Danny Anisjko

Personal information
- Full name: Danny Brian Ambato Anisjko
- Date of birth: 11 January 2006 (age 20)
- Place of birth: England
- Position: Winger

Team information
- Current team: Chesterfield
- Number: 21

Youth career
- 2015–2026: Nottingham Forest

Senior career*
- Years: Team / Apps / (Gls)
- 2026–: Chesterfield / 0 / (0)

International career^{‡}
- 2024: Latvia U19 / 2 / (0)
- 2025–: Latvia U21 / 5 / (0)

= Danny Anisjko =

Latvian footballer (born 2006)

Danny Braian Ambato Anisjko (Dannī Braians Ambato Aņisjko: born 11 January 2006) is a professional footballer who plays as a winger for Chesterfield.

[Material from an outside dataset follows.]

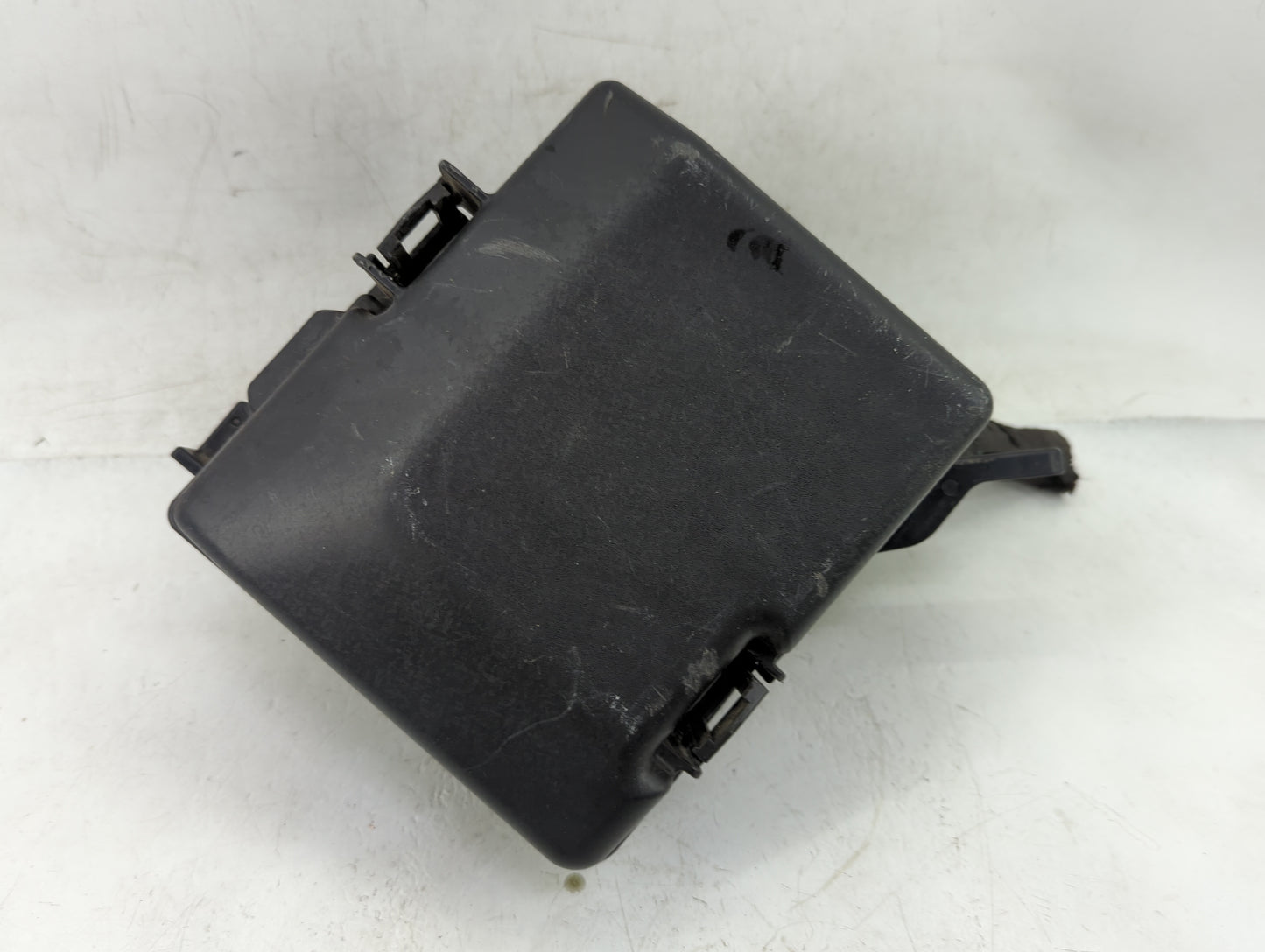2016-2017 Hyundai Sonata Fusebox Fuse Box Panel Relay Module P/N:6423-0102-7-000 Fits Fits 2016 2017 OEM Used Auto Parts - O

Born in England, he is a Latvia youth international.

==Early life==
Anisjko was born on 11 January 2006. Born in England, he was born to an Ecuadorian mother and a Latvian father.

==Club career==
As a youth player, Anisjko joined the youth academy of English side Nottingham Forest in 2015. Ahead of the 2022–23 season, he was promoted to the club's under-18 team. Following his release by Forest in June 2026, Anisjko went on trial with Chesterfield and signed a one-year deal with the EFL League Two club on 17 July 2026.

==International career==
Anisjko is a Latvia youth international. During the autumn of 2024, he played for the Latvia national under-19 football team for 2025 UEFA European Under-19 Championship qualification.

==Style of play==
Anisjko plays as a winger and is right-footed. Ecuadorian news website El Futbolero Ecuador wrote in 2024 that he has "good ball control, a daring, and skillful style of play".